_Work instructions:_
Below are the records; give again exactly the line with "Código de barras", the line with "Модуль пам'яті для", and each line that lies between them, and nothing besides.
** Record excerpts follows **
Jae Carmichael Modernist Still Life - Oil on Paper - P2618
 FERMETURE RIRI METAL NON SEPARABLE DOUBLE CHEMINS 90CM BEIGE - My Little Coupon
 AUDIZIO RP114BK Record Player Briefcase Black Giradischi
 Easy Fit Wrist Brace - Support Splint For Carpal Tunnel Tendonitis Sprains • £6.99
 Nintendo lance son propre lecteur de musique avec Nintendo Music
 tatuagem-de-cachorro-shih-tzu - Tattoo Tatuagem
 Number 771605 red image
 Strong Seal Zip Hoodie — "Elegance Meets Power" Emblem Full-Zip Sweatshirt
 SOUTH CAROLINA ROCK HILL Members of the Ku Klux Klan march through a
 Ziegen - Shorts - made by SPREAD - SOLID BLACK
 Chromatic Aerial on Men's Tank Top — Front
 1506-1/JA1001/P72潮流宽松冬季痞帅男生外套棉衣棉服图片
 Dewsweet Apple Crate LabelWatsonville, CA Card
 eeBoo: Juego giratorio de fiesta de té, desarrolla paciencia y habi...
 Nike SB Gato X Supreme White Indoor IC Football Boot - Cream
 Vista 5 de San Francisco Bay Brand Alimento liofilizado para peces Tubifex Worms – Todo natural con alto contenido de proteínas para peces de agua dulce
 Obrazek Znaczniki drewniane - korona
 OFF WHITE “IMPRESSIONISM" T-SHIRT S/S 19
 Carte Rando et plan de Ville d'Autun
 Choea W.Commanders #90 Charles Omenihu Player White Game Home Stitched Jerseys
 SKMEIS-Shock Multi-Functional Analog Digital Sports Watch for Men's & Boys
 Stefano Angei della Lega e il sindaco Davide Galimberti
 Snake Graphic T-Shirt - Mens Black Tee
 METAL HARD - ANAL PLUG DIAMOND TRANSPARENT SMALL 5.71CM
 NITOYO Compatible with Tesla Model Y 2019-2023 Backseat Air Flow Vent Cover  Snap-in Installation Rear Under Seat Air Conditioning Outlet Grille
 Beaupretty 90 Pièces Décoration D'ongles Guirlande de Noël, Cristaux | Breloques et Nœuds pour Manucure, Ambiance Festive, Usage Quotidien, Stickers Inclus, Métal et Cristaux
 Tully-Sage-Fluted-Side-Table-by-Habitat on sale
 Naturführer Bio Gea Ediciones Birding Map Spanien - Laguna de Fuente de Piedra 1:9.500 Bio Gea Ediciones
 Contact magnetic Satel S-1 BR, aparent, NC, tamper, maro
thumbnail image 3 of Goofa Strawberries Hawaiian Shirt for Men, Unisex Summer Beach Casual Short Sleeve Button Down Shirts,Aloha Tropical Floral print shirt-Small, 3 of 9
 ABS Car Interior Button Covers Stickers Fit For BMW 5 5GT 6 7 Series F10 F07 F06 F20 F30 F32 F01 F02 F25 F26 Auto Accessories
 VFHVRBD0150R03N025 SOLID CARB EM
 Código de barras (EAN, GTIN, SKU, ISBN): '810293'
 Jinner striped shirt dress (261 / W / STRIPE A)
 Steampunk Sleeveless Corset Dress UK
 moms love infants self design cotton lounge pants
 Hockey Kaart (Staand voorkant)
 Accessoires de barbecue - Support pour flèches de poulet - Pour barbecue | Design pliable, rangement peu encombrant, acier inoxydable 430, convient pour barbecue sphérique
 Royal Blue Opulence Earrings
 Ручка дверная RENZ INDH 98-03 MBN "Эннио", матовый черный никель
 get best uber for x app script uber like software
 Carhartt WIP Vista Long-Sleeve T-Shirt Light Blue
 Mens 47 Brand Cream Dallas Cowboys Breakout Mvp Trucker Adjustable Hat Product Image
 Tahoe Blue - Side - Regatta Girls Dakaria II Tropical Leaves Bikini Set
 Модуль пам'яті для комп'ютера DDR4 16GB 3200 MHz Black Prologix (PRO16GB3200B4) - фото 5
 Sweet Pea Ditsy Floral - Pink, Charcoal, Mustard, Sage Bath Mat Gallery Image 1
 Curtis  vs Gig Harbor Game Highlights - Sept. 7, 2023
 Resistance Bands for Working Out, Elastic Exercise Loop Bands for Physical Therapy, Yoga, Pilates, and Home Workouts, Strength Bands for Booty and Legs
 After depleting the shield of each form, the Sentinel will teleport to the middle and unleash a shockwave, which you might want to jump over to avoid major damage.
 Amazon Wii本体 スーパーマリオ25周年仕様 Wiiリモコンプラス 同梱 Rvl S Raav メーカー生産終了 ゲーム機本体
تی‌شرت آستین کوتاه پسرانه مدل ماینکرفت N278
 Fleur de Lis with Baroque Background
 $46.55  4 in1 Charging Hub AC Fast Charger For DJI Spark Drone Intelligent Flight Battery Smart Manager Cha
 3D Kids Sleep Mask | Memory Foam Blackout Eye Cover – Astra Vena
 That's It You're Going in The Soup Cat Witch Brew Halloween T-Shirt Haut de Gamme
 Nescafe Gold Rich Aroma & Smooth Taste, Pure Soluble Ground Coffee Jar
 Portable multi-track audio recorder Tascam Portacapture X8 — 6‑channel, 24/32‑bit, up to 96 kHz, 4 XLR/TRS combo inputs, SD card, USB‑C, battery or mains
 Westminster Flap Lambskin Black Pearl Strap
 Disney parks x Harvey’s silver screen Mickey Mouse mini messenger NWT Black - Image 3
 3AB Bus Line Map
** End of Record excerpts **
_Answer box:_
 Código de barras (EAN, GTIN, SKU, ISBN): '810293'
 Jinner striped shirt dress (261 / W / STRIPE A)
 Steampunk Sleeveless Corset Dress UK
 moms love infants self design cotton lounge pants
 Hockey Kaart (Staand voorkant)
 Accessoires de barbecue - Support pour flèches de poulet - Pour barbecue | Design pliable, rangement peu encombrant, acier inoxydable 430, convient pour barbecue sphérique
 Royal Blue Opulence Earrings
 Ручка дверная RENZ INDH 98-03 MBN "Эннио", матовый черный никель
 get best uber for x app script uber like software
 Carhartt WIP Vista Long-Sleeve T-Shirt Light Blue
 Mens 47 Brand Cream Dallas Cowboys Breakout Mvp Trucker Adjustable Hat Product Image
 Tahoe Blue - Side - Regatta Girls Dakaria II Tropical Leaves Bikini Set
 Модуль пам'яті для комп'ютера DDR4 16GB 3200 MHz Black Prologix (PRO16GB3200B4) - фото 5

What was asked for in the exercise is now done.